Task details: Each line from the one holding "Skirt Short Swim Wear for Women" to the last line of the listing must be set down exactly. No pictures are to be included.

Given entries:
========================

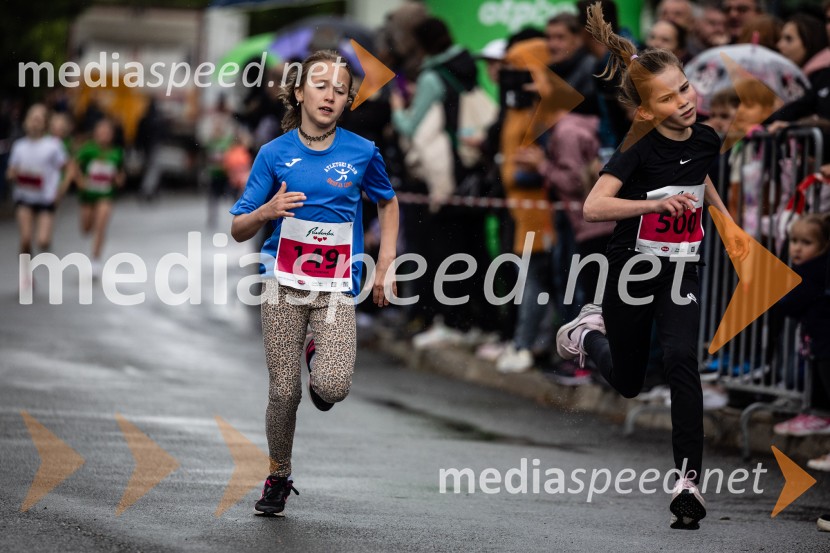 44. Maraton treh src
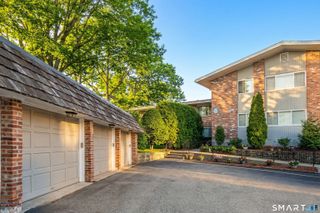49 Southport Woods Drive 49, Fairfield, CT 06890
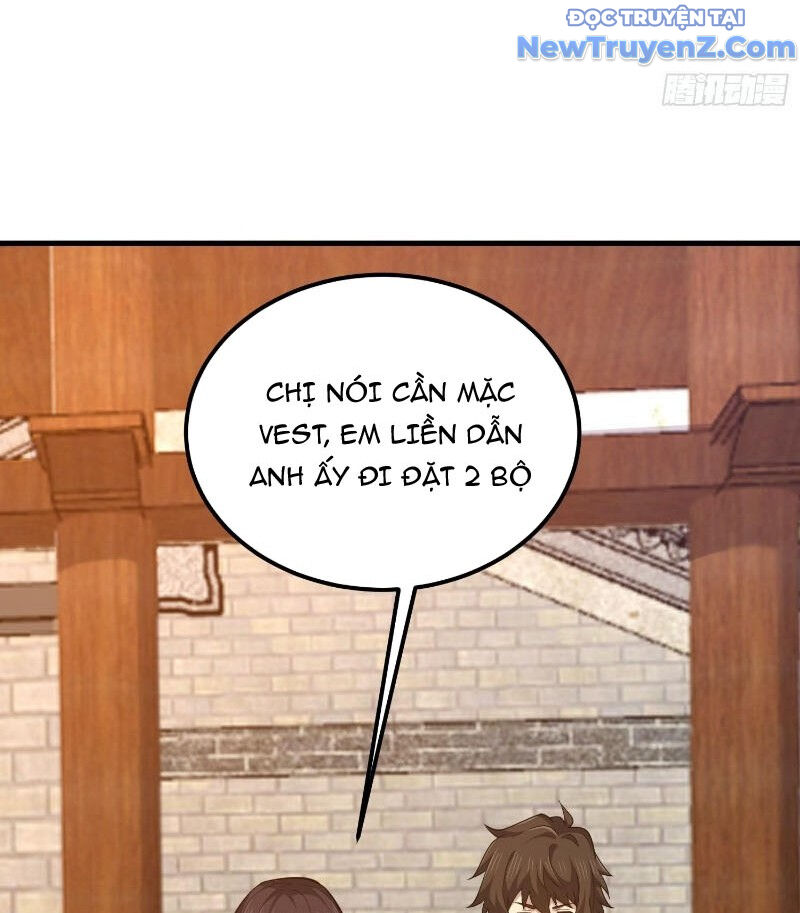 Đệ Nhất Danh Sách Chapter 555 - 103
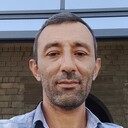 ���������� ���������, ���� ������� ������, 42 ����, ������������ ��� ������, ����� � ���������, c�������� ���������, ���������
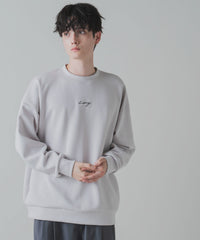 Ｌグレー / M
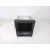 Sistema Audio / Radio Cd para Hyundai I40 I (Vf)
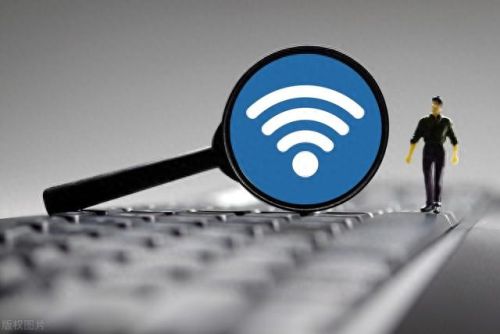 无线热点软件(wifi热点软件哪个最好)插图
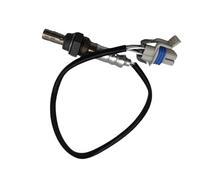Capteurs D'oxygène Auto Compatible Avec C&evrolet Pour Suburban 1500 2500 Lambda O2 Oxygen Car Oxygen Sensor Car Accessories OEM 12609457 234-4256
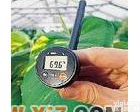  Testo 605 型 笔式温<em>湿度</em>计<em>价格优惠</em>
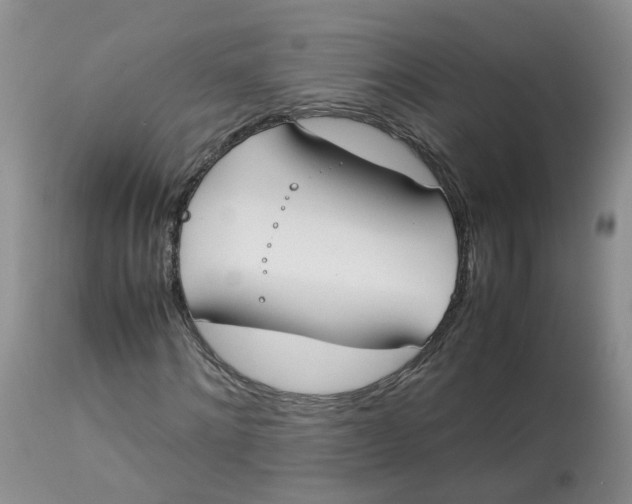 X0000112870868200909111530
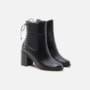 Bota Maithe  Bav 96103-2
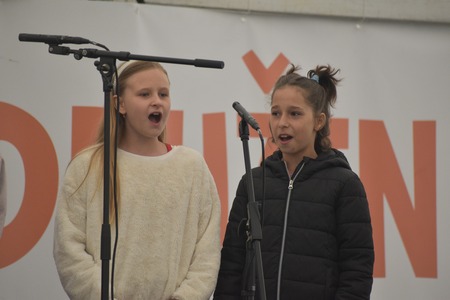 498655495_705867338616738_4141942617241183270_n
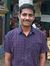 Venkate...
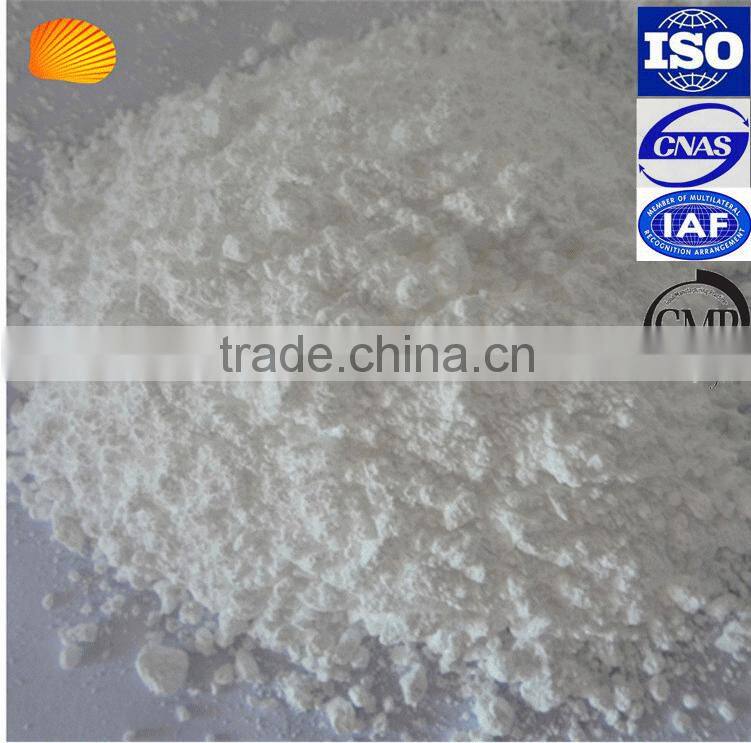 heat stabilizer Zinc stearate for PVC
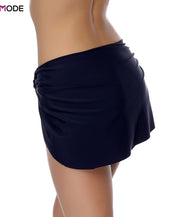 Skirt Short Swim Wear for Women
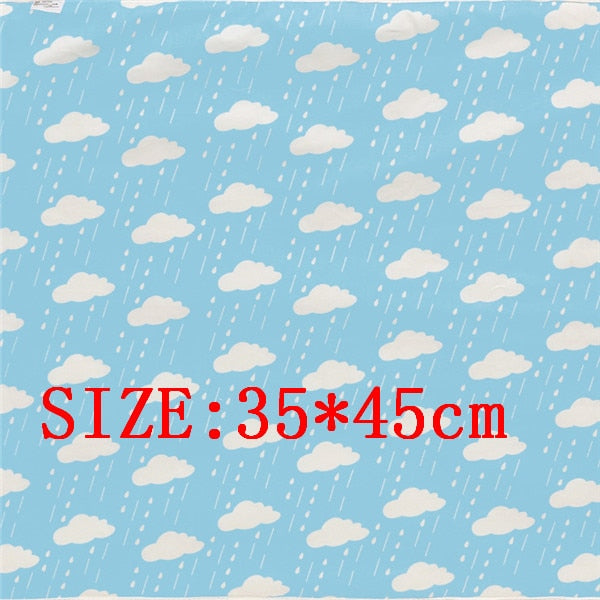 Size 60X75cm 50X70cm Baby Changing mat Portable Foldable Washable waterproof mattress children game Floor mats Reusable Diaper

========================

Finished exercise:
 Skirt Short Swim Wear for Women
 Size 60X75cm 50X70cm Baby Changing mat Portable Foldable Washable waterproof mattress children game Floor mats Reusable Diaper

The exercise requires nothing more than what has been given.